Actian Vector Hadoop Edition
I have a small blacklist of companies I won’t talk with because of their particularly unethical past behavior. Actian is one such; they evidently made stuff up about me that Josh Berkus gullibly posted for them, and I don’t want to have conversations that could be dishonestly used against me.

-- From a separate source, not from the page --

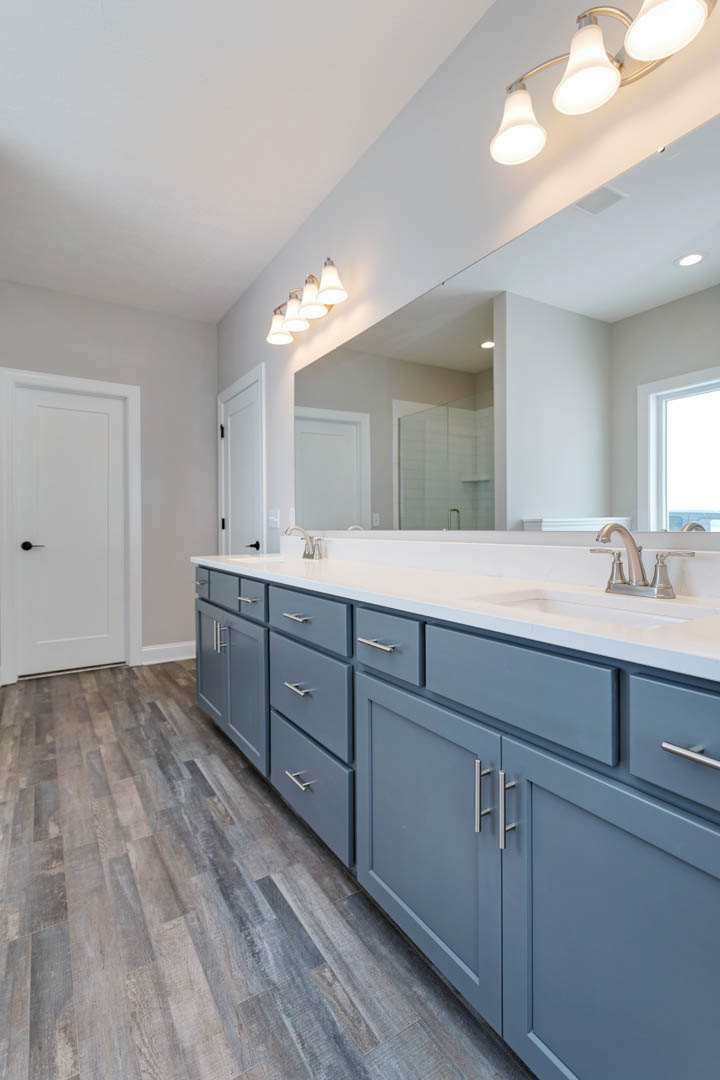 Bathroom with blue shaker cabinets, wide quartz countertop, large frameless mirror, row of wall-mounted lights, white door with black handle, tile flooring, and window with white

That said, Peter Boncz isn’t exactly an Actian employee. Rather, he’s the professor who supervised Marcin Zukowski’s PhD thesis that became Vectorwise, and I chatted with Peter by Skype while he was at home in Amsterdam. I believe his assurances that no Actian personnel sat in on the call. 🙂
In other news, Peter is currently working on and optimistic about HyPer. But we literally spent less than a minute talking about that
Before I get to the substance, there’s been a lot of renaming at Actian. To quote Andrew Brust,
… the ParAccel, Pervasive and Vectorwise technologies are being unified under the Actian Analytics Platform brand. Specifically, the ParAccel technology … is being re-branded Actian Matrix; Pervasive’s technologies are rechristened Actian DataFlow and Actian DataConnect; and Vectorwise becomes Actian Vector.
and
Actian … is now “one company, with one voice and one platform” according to its John Santaferraro
The bolded part of the latter quote is untrue — at least in the ordinary sense of the word “one” — but the rest can presumably be taken as company gospel.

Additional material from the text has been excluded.